I was one of those people who considered the body merely a container for my brain. The disconnect started in my teens with typical gender issues that made me not like or even remotely appreciate the work my body did for me. In my 20s I abused it mightily, but it recovered with the same bounce in its step, regardless of hangover or sleep deprivation or junk food intake or firsthand cigarette smoke.

In my 30s, it started to require more attention. I quit smoking and drinking. I became concerned with cholesterol, triglyceride and blood pressure numbers. I started reading up on homeopathic remedies and exercise and nutrition.

Now, in my 40s, my body is the crystal ball into my future and I’m paying close attention. It needs more motion, better nutrition, and more sleep. I’ve developed more compassion and respect for its limitations. I’ve had three fairly painful, serious injuries in the last three years. My frequent exposure to elementary aged beasties has challenged my immune system.

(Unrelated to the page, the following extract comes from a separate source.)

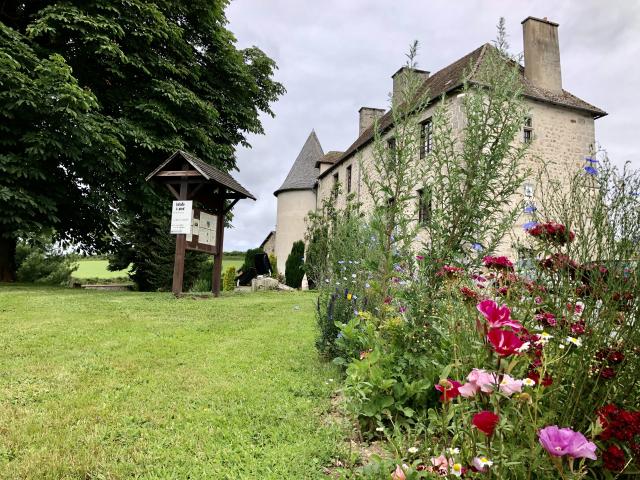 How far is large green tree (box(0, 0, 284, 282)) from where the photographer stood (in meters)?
10.5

These days, I have to pull myself back from running when I have bronchitis and from doing taekwondo when I have a pulled quad. I try to stay focused when I do yoga, so that my mind and my body feel united, so that I honor how it moves me through my day, holds my child, types these words. The greatest lesson is not what my body can do for me, but how I can take care of and respect it. This is where compassion for the physical challenges and illnesses of others starts to grow – when you learn to honor your own.